Fakhrizadeh’s importance and value was underscored by his handling. He was kept under constant guard and lived in a secure compound. He even had his own security detail. [Note to Iran: Add hiring more competent security to the to do list.] He’d dodged a bullet (pun intended this time) when he escaped an assassination attempt a few years ago. But 2020 was a bad year for him in the end–it saw his life ended.
The scientist would likely still be with us today if he’d followed COVID protocols. Despite a coronavirus lockdown, Fakhrizadeh thought it would be a great idea to travel away from his secure compound and head to his villa some 40 miles east of Tehran to Absard, an area well known for being a mountain retreat for Iran’s elite. Absard, which has a view of Mount Damavand, the country’s highest peak, is where many well-off Iranis have second homes.

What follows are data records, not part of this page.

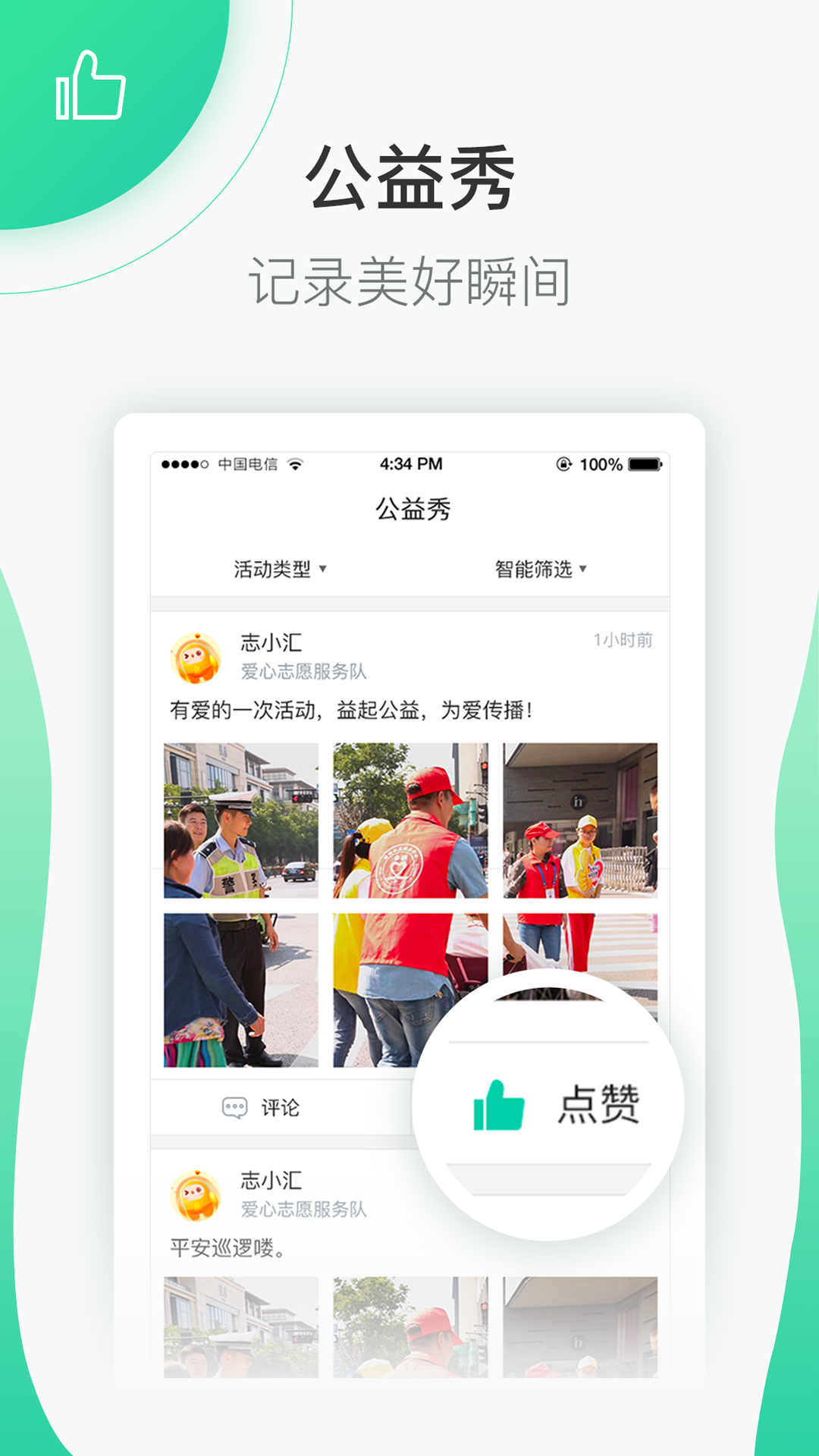 志愿汇v5.0.3截图1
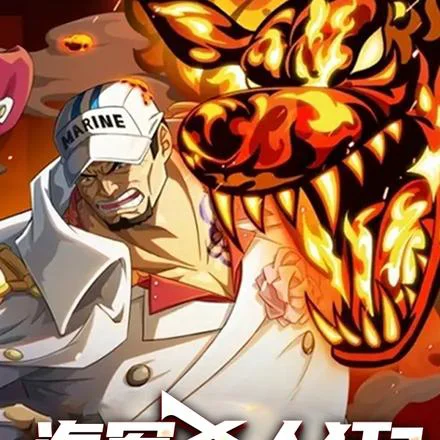 海军杀人狂?我只是在用力的活着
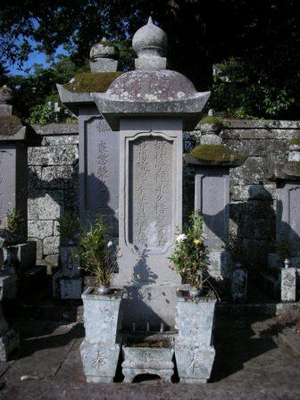 本木昌造の墓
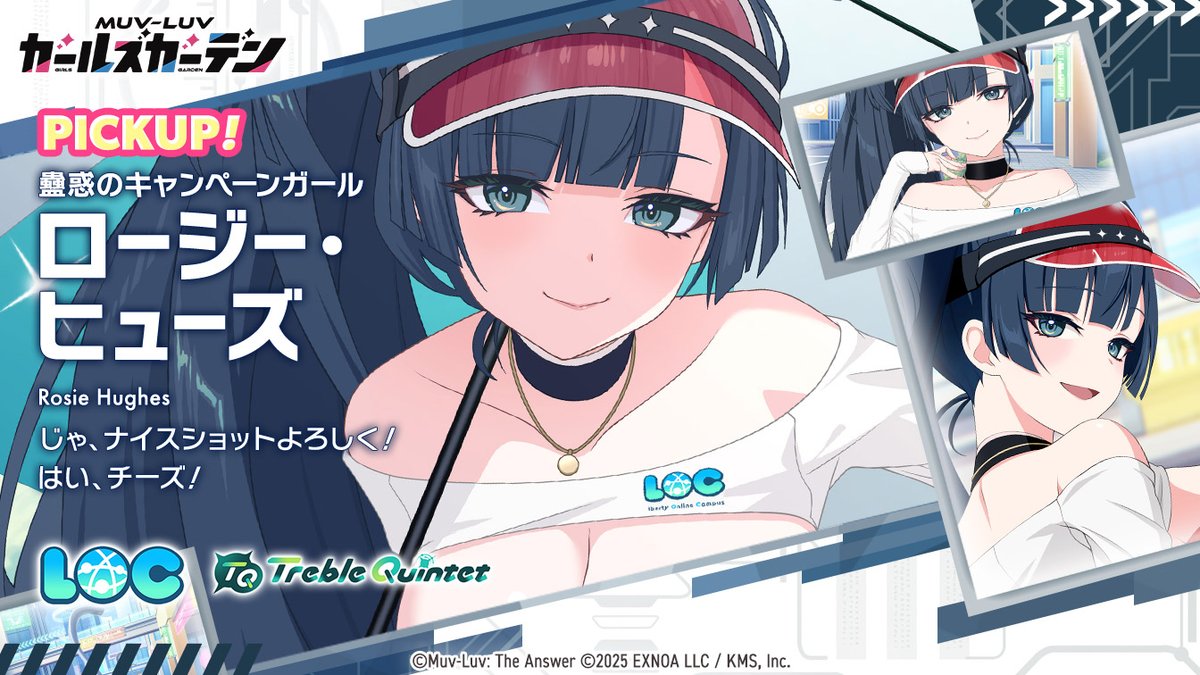 Muvluv_GG's tweet photo. ◤New Character Pickup◢

マスター！！
「ロージー・ヒューズ」さんのPickupガチャが開催しますよ！

▼開催日
　08/18(火)メンテナンス後 ～ 09/01(火) 04:59まで

キャンペーンガール衣装にお着替えしたロージーさんです！
大人の魅力がたっぷりで、ボクもドキドキしちゃいます！

▼高画質版はこちらから！
　https://t.co/AMB8c3jdPU

#マブガル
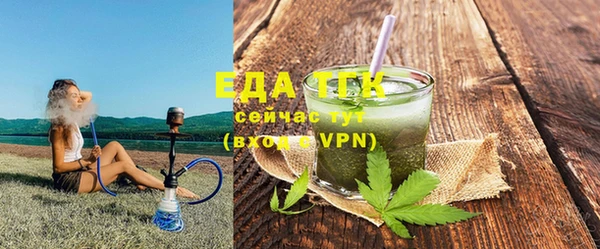 прущий лед Липки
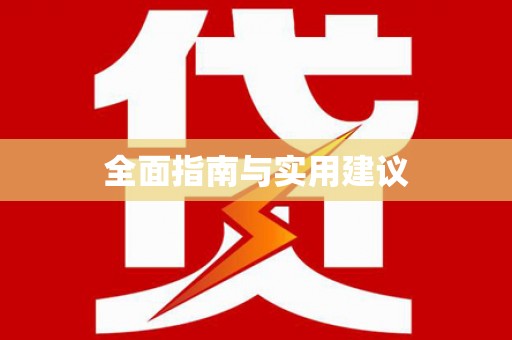长阳全面指南与实用建议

What could go wrong with him traveling there accompanied by a convoy with three armored vehicles?
But, alas, Fakhrizadeh didn’t arrive alive. While en route, witnesses claim to have heard an explosion and then a burst of gunfire. Pictures on the internet show a black Nissan riddled with bullet holes and a pool of blood on the ground near the car. Although reports vary, it appears that a truck may have been blown up to stop the convoy of vehicles which then led to a shootout between the scientist’s bodyguards and his armed attackers. Fakhrizadeh was reportedly shot in the back and three of his bodyguards were killed. He was taken to the hospital where he succumbed to his injuries. A boom caused his death, but it wasn’t a nuclear bomb; it was just the sound of gunfire.
As Fakhrizadeh learned the hard way, nuclear scientists can be taken out without high tech bombs. Scientists may soon come up with a vaccine for COVID-19, but no vaccine is in the works for preventing man’s bent for violence. Unfortunately, the human desire to kill his fellow man isn’t so easily eradicated. Often our worst enemy isn’t a microscopic foe but other humans. There’s no shot to prevent being shot or blown up.
Does Fakhrizadeh’s assassination sound like a scene out of a James Bond movie to you? Is it fitting that a man who worked to design a weapon of mass destruction died a violent death? Is Fakhrizadeh’s assassination justified under the circumstances?